Governance is no substitute for Mission


  1. Stepehn Cook1:31 PM

    As we experience from our work with church and district boards (and other, non-church boards of which we know,) boards, and leaders who work with boards, are a self-selected group composed largely of problem-solvers and doers. The ruminators, the thinkers about the cosmic significance of it all (like me) are in short supply there and, on balance, this is probably just as well. Things have to get done. However, the powerful drive of doers to “do something” even if they are not quite sure of what it is in service to can get the best of organizations. No shared theology, no shared mission and not a lot of money can leave these groups frustrated with the intractable nature of saving the world right away. It’s not surprising if they tend to focus on what little they can actually control. Hence, a lot of high-powered, highly committed people can get to work (with the great energy and small willingness to compromise that they truly would rather be spending on changing the real world) on wonky issues of governance. Upon short horizons, small objects loom large. In an Association that is loudly broadcasting its financial difficulties, it has evidently seemed to our leaders that dropping $100,000, without blinking, to sort out their petty power squabbles is an appropriate use of funds. Was there no one in that room who might have raised that point, who might have ruminated, if only for a minute, about the significance of this group spending that kind of money on its own hissy fit, or were they all so besotted with their own self-importance that they lost sight of their very purpose?

  2. Clyde Grubbs11:36 AM

    Stephen, this Board's work involves compromise.
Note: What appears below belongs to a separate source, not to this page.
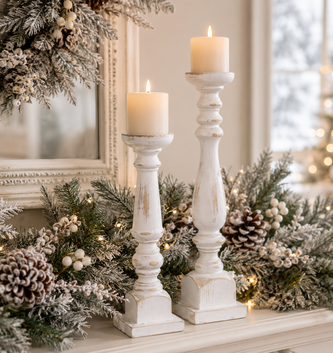 White Distressed Candle Sticks Pair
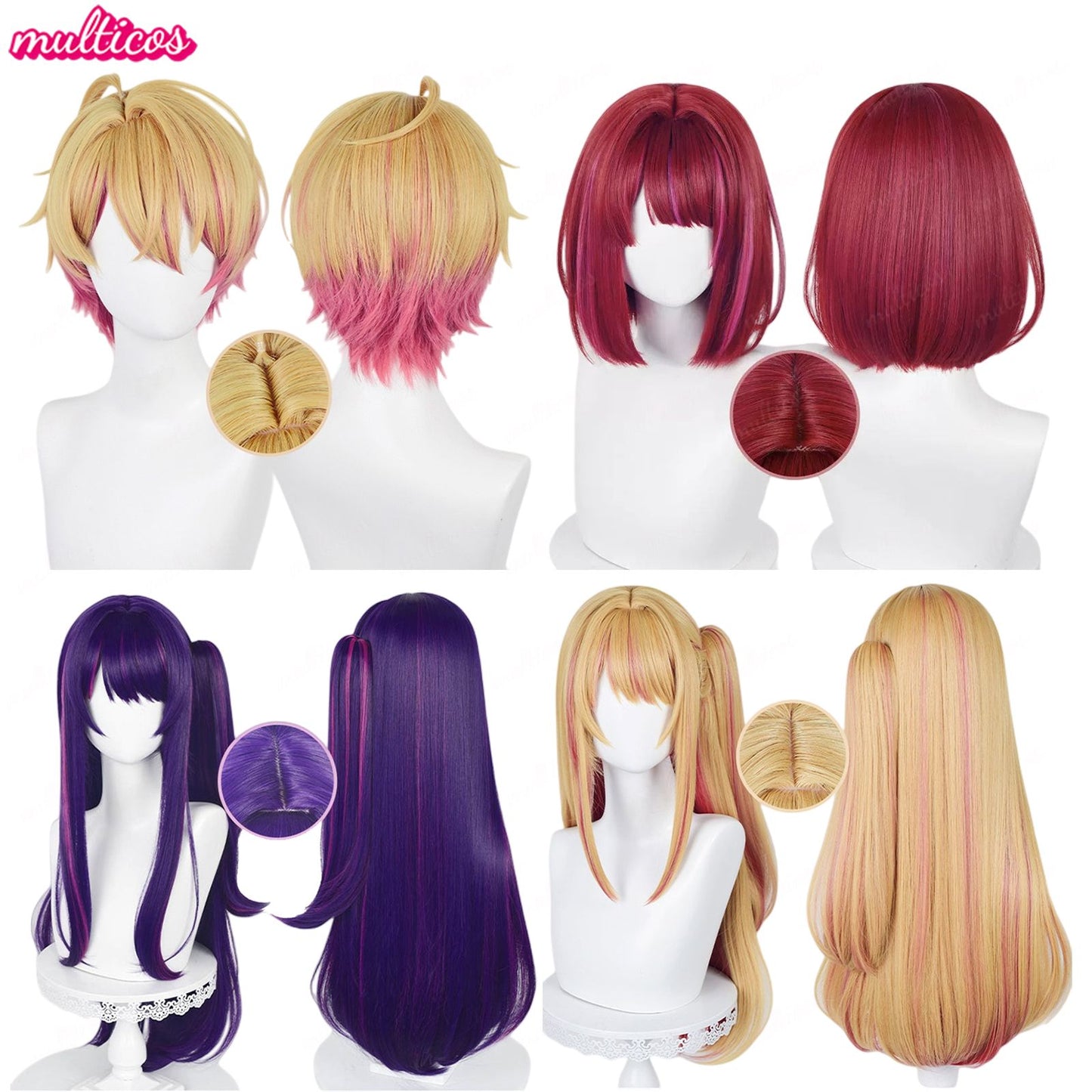 Peruca de Cosplay Oshi no Ko Hoshino Ai Hoshino Ruby Hoshino Akuamarin Arima Kana Peruca de Cosplay Cabelo Resistente ao Calor Perucas de Anime + Touca de Peruca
    The administration has attensted to needing to develop the skills in measuring success of programs. There was agreement that the right kind of consultancy would help move toward this goal.

    How does simply passing on a tens of millions of dollars of programs compare to finding a way to evaluate efficacy? For you, it is a petty squaggle, but not sure if you have understand the seriousness with which the BoT takes its budget responsibliities.

  3. Clyde Grubbs11:18 AM

    On Jesus Mission and Governance.

    Agree mission is prority, governance is process to realize deliberation and decision. Good governance is involves the people impacted in making the decisions that will impact them. (SDS alumni)

    The Jesus movement was larger than 13 guys but still it wasn't an Association like the UUA with endowements, and a thousand institutions some of whom are more interested in association than others. But the Jesus movement had a process for making decisions. Jesus died as a man, and rose as a Church, so somehow that group of "followers" learned to own the vision and go forth.